Know of someone who could benefit from a zen outlook in 2018? Give them the experience of a calming, meditative tea ritual, plus the wellness bona fides of nutrient-dense organic green tea. Your friends can whip up frothy, lump-free, and antioxidant-rich green tea with the Pumeli Matcha Set ($67). It features a ceramic matcha whisk stand, a stainless-steel sifter, stone-ground matcha sourced from organic Japanese tea gardens, a Wabi-Sabi Japanese bowl, a bamboo Chashaku (to measure out matcha), and a hand-carved bamboo whisk.
Invented by a Michigander, ski enthusiast, and working mother of two, the Green Glove Dryer ($20) is a device sporting six protruding nozzles on which to hang wet gloves, mittens, hats, shoes, reusable bags, and more. The dryer was designed to be placed over a floor heat register or attached to a wall heat register—this allows warm air to flow up through its nozzles, and dry gear from the inside out. That’s right—the Green Glove Dryer requires no additional energy or tools. At 12" by 4" and one pound, it’s portable and packable and comes in a recycled travel bag. Depending on how wet they are, gloves and mittens typically dry within an hour.
These days, OtterBox is best known for making durable smartphone cases, but back in the '90s, the Colorado brand actually launched with a single drybox. This year, OtterBox is getting back to its roots with a line of rugged, vacuum-sealed, stainless-steel growlers. Elevation Tumblers ($50 to $90) come in 10-, 20-, and 64-ounce sizes. They’re resistant to sweat and fully lined in copper, which keeps campside cocktails cold and soups and coffee piping hot. Customizable lids help users transform these growlers from shaker to French press to sealed canteen to tea-infuser. The Elevation Tumbler makes for a pragmatic and versatile gift for adventurers, picnickers, and kitchen wizards.

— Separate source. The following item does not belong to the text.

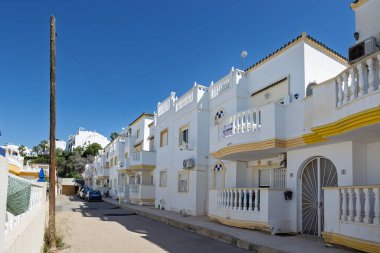 Balkonları, korkulukları ve dekoratif sarı süslemeleri olan beyaz Akdeniz tarzı dairelerle dolu sessiz bir cadde..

A stylish, hand-crafted coffee table that takes some bite out of climate change? SapphirePine transforms California trees that have fallen victim to invasive beetles and droughts and would otherwise burn or decay in the forest—releasing planet-frying carbon—into beautiful, contemporary furniture. The Oakland-based company sources its wood from private landowners seeking to remove dead trees. Thanks to a natural process through which beetles have imbued the its grain with cool hues, the wood boasts blue and green patterns (hence the name, SapphirePine). The result is striking, sturdy furniture with an industrial edge. These coffee tables ($750 for a 24" by 36" coffee table; $850 for 24" by 48") will lend loved ones’ living and work spaces warmth, style, and a good story.